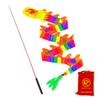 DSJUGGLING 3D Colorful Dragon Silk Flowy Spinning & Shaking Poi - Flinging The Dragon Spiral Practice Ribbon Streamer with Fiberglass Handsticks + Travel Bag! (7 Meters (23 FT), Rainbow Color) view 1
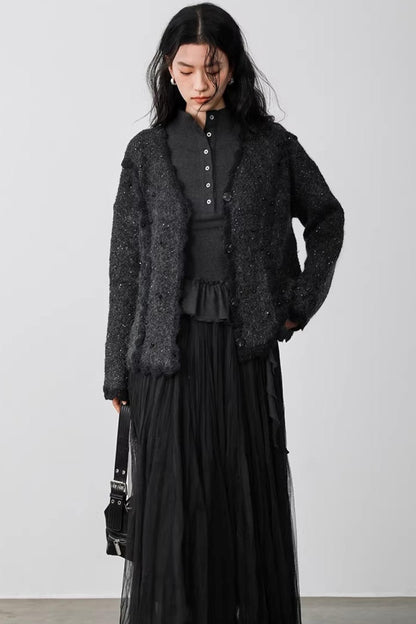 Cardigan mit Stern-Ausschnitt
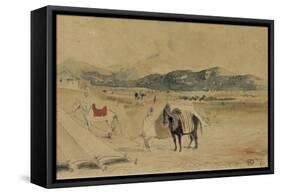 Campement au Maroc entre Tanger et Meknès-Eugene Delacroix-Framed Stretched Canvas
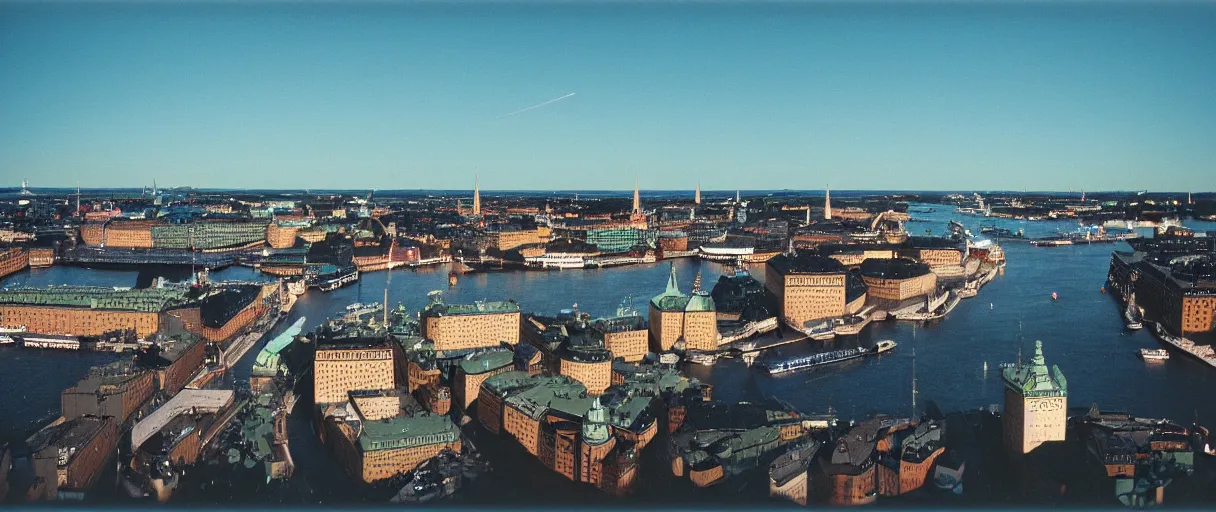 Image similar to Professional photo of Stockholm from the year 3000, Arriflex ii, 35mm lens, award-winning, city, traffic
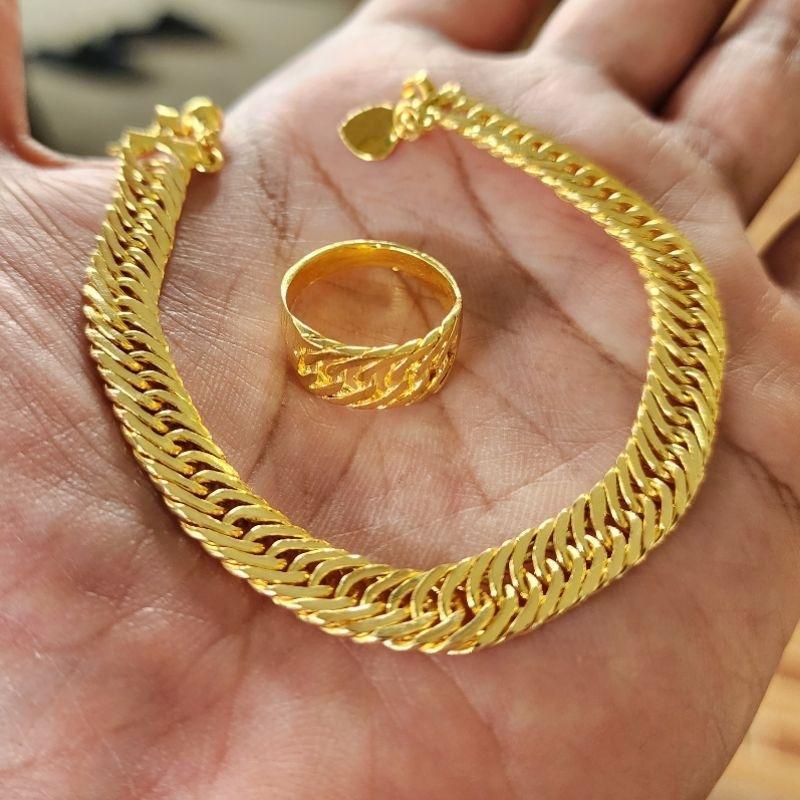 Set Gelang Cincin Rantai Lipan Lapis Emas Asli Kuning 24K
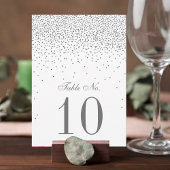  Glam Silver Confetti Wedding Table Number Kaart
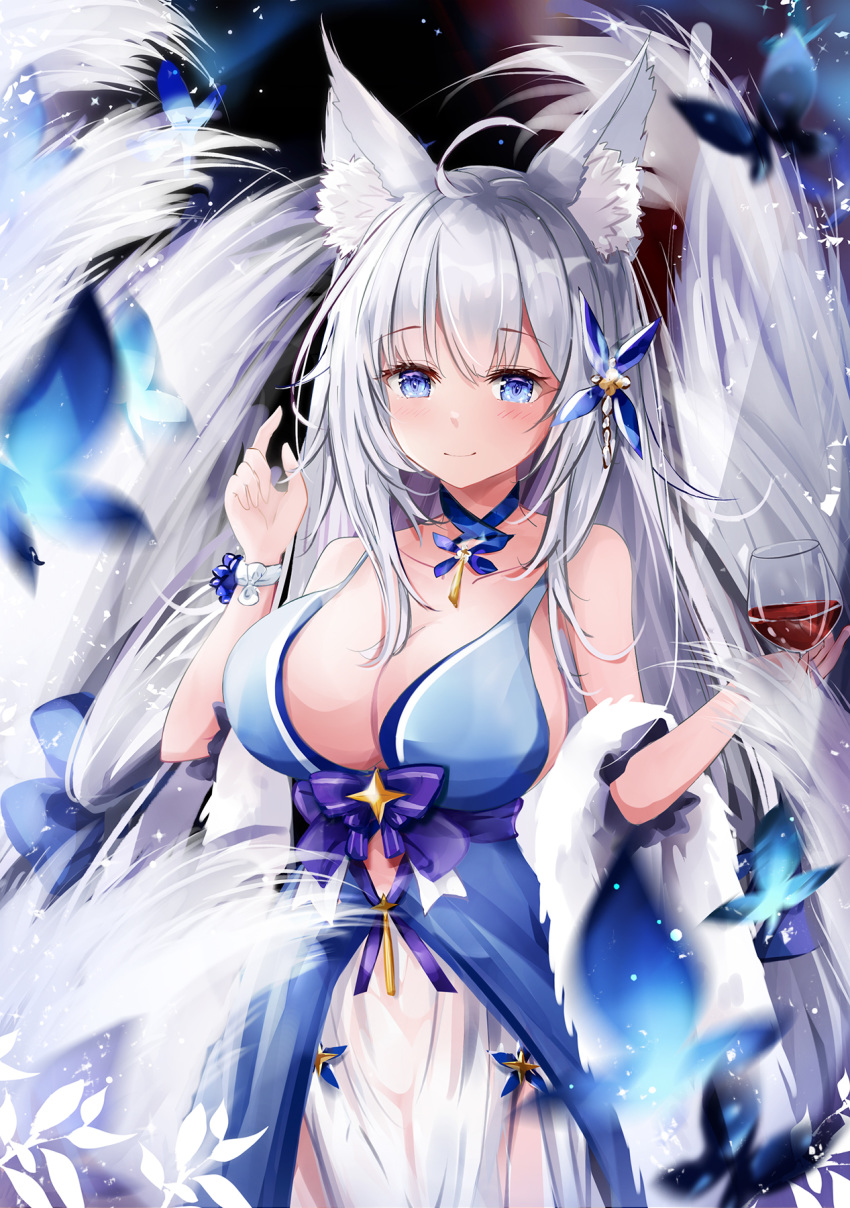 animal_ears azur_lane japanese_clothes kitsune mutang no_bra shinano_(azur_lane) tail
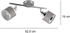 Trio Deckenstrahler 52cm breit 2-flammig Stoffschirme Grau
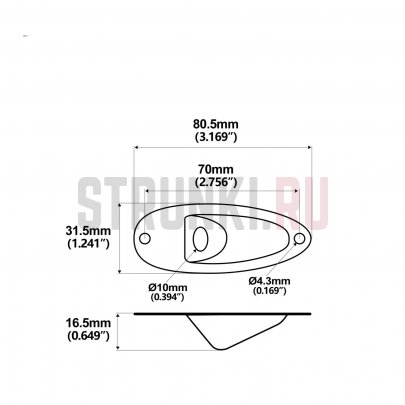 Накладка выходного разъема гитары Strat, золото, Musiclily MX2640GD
:::::
■ Task item:
The records above need to be given again exactly. Omit the pictures.

■ Answer section:
 DSJUGGLING 3D Colorful Dragon Silk Flowy Spinning & Shaking Poi - Flinging The Dragon Spiral Practice Ribbon Streamer with Fiberglass Handsticks + Travel Bag! (7 Meters (23 FT), Rainbow Color) view 1
 Cardigan mit Stern-Ausschnitt
 Campement au Maroc entre Tanger et Meknès-Eugene Delacroix-Framed Stretched Canvas
 Image similar to Professional photo of Stockholm from the year 3000, Arriflex ii, 35mm lens, award-winning, city, traffic
 Set Gelang Cincin Rantai Lipan Lapis Emas Asli Kuning 24K
  Glam Silver Confetti Wedding Table Number Kaart
 animal_ears azur_lane japanese_clothes kitsune mutang no_bra shinano_(azur_lane) tail
 Trio Deckenstrahler 52cm breit 2-flammig Stoffschirme Grau
 Накладка выходного разъема гитары Strat, золото, Musiclily MX2640GD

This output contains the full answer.